Liga MX

Three things about Liga MX’s 2019 Apertura Week 13

Coming up on yet another international break, Liga MX has now completed 13 of its 19 weeks. As it stands now, 17 of the league’s 19 teams are either in position to make the Liguilla or within six points of a spot. Only Juárez and Veracruz fall outside of that bubble, and Juárez is just seven points out with six weeks to go (and Veracruz is Veracruz). It’s a great thing for all teams and the league in general to be coming back from the break with every single game on the schedule being meaningful in some way. Fans of 18 teams are going to tune in to see where their team winds up, while Veracruz fans will want to see if they’ll win a game ever again.

The league in particular has to be happy with this, as the longer games continue to have meaning the more valuable the product is to television companies and advertising sponsors. More people will tune in to games that are meaningful and not just contractual obligations, and this too will increase the value of the product as well as the interest in the product from people who may not have been interested before.

This is a great thing, because the product on the field is great to watch both in terms of quality of play and entertainment value. While the quality of play may not quite match the top European leagues, I’ll put the entertainment value up of Liga MX up against any league any day.

1.) The stoppage time of the Xolos-Atlas game was insane. Xolos had been protecting a one-goal lead while playing down a player since the 72nd minute. The game had devolved into a kind of boring slog where Xolos were doing what they could to kill the clock while Atlas were pushing players forward to try and get an equalizer. In the 87th minutes, it all started to unravel for the Aztec Canines as Camilo Sanvezzo drove forward into the Atlas box. Goalkeeper Camilo Vargas came out and made a sliding stop on Sanvezzo, and Sanvezzo hit the deck. Referee Diego Montaño showed Sanvezzo a yellow card for simulation, however it appeared that while Sanvezzo had embellished the contact to try and draw another penalty, contact was made. It wasn’t a great deal of contact, and I’d have been fine with a no call.

As things always seem to do, this had repercussions. Two minutes later, Kevin Balanta would be shown a yellow card for a hard foul on Jesús Angulo. Montaño went to VAR and took back his yellow and gave Balanta a red. Montaño again seemed to choose the harsher of the two options when either would have been acceptable. This put Xolos down two players, but it was already into stoppage time and surely Xolos would find a way to hang on right?

Four minutes into stoppage, Sanvezzo took a heavy touch on a throw in and it went back out of bounds. Whether it was out of frustration, an attempt to waste time, or both, Sanvezzo chipped the ball up and over the Xolos bench. Montaño immediately reached for his card, and Sanvezzo collapsed on the turf. Montaño showed the second yellow and red, sending a third Xolos player to an early bath.

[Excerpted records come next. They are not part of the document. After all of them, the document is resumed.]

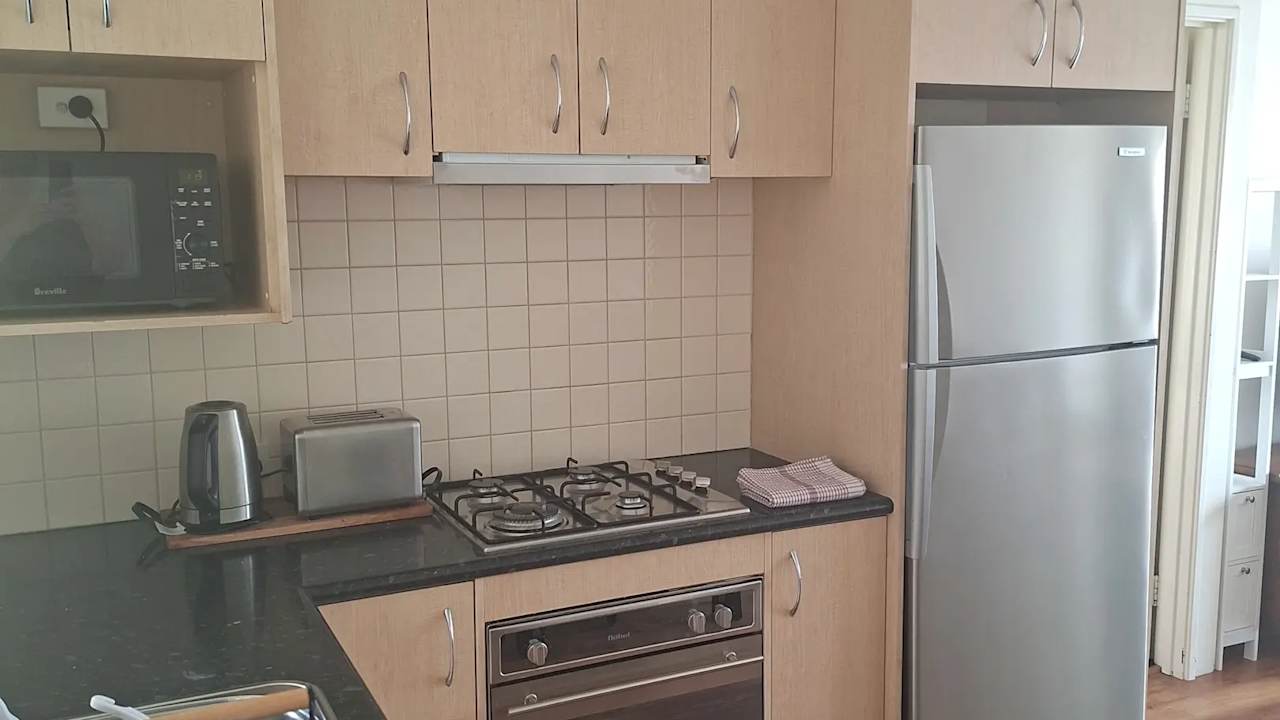 Whole property with 2 rooms for rent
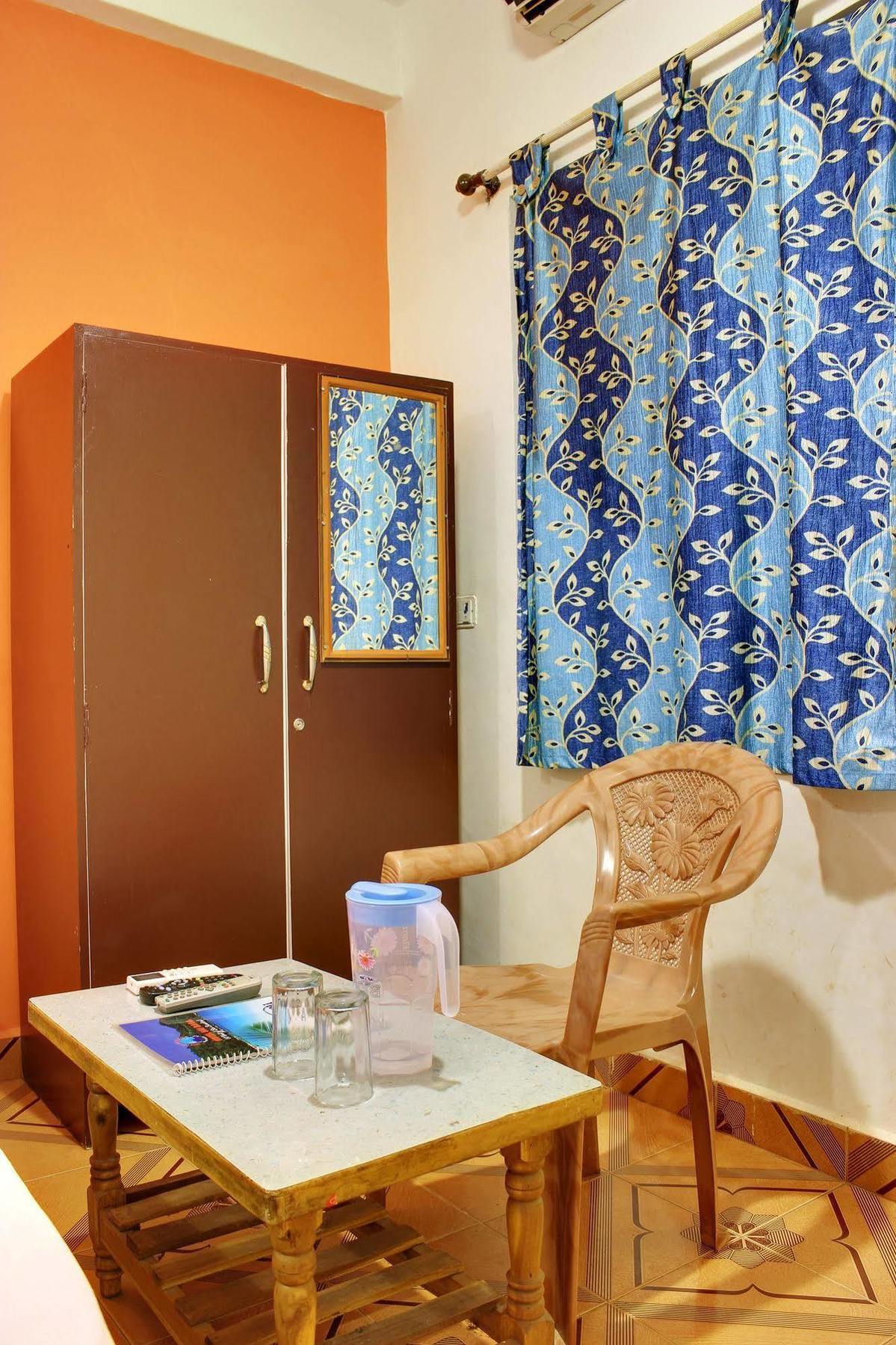Hotel Sai Бага Екстериор снимка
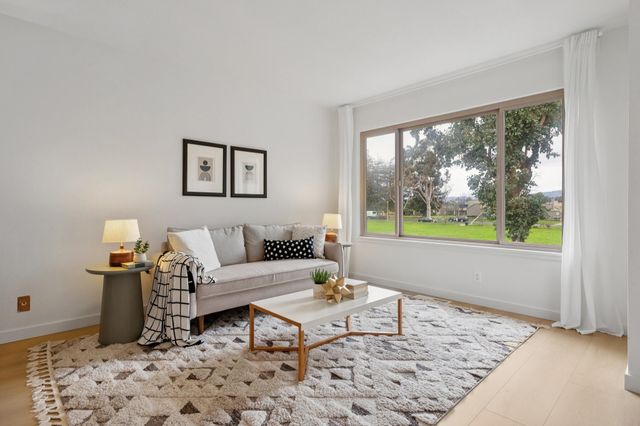 3435 Solomon Ln, Alameda, CA 94502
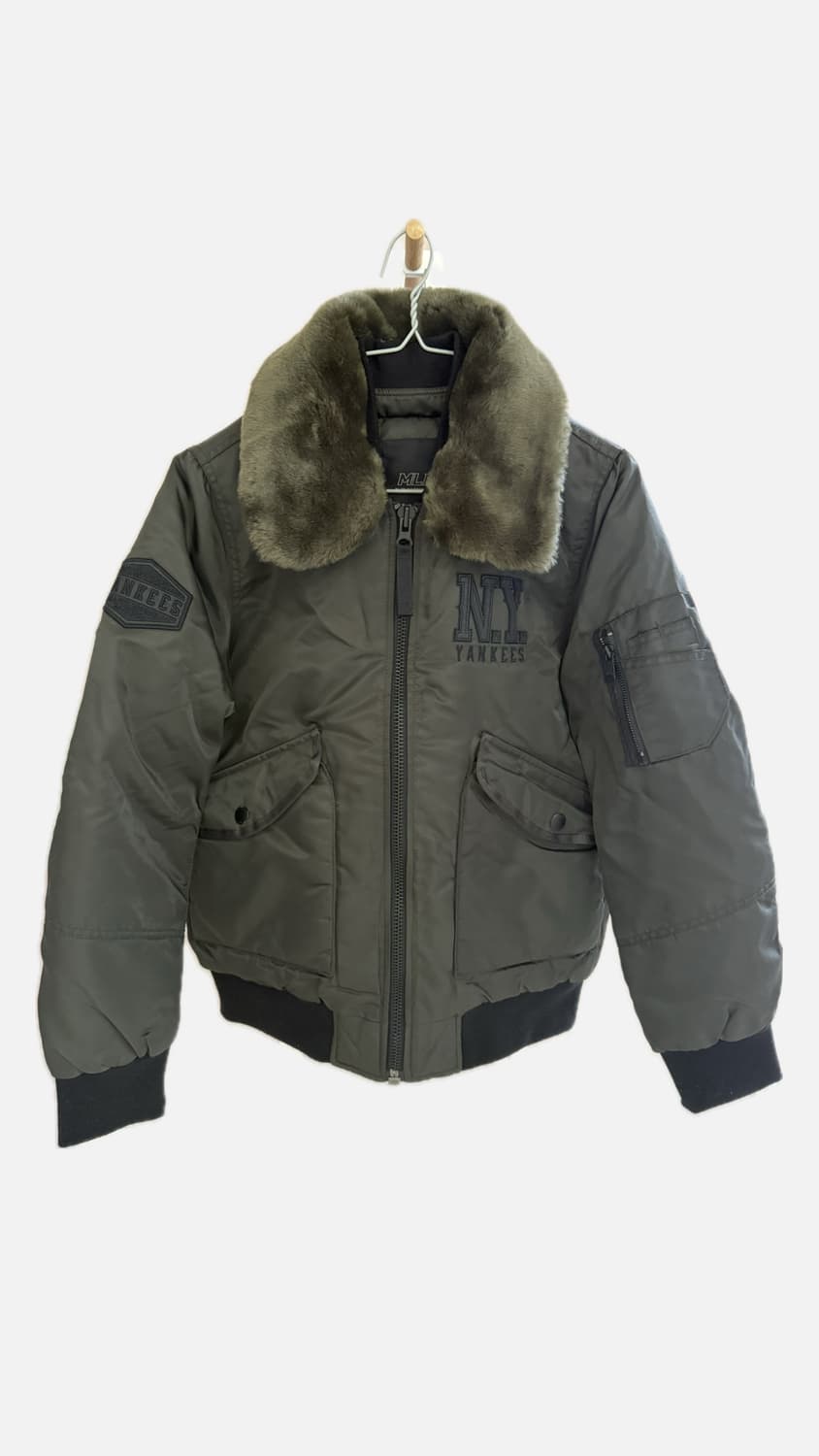 엠엘비(MLB) 겨울항공점퍼 상품이미지1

As Sanvezzo walked off the field, Atlas restarted play, and after mere seconds the ball wound up on the foot of Manuel Balda about 35 yards out. Balda took a touch and just ripped a shot that beat goalkeeper Gibran Lajud for the equalizer. Balda ripped off his shirt and was mobbed by his teammates at the corner flag, where he was met with roughly half of the beer in Estadio Caliente raining down on him from the stands above. Tijuana-based photojournalist Itzel Segura captured the moment Balda scored from the tunnel Sanvezzo was walking through, and his reaction really says it all.

Are you not entertained?

2.) For the second week in a row, Veracruz found a way to snatch a draw from the jaws of victory. One of the most compelling storylines of the year for me has been Veracruz and if they’re actually going to win a game. Their winless streak was almost broken last week they scored on the rebound of a missed penalty in the 73rd before conceding a Kevin Castañeda goal in stoppage. This week they went to León who didn’t appear to take them seriously enough given the match was tied 0-0 heading into the 80th minute. Bryan Carrasco would convert the penalty in the 82nd, but three minutes later Joel Cambpell hit a beautiful cross from the right wing all the way across the box to Luis “Chapito” Montes and Chapito was able to slip past his mark and beat Sebastian Jurado with a header to push Veracruz’s streak to 40 games.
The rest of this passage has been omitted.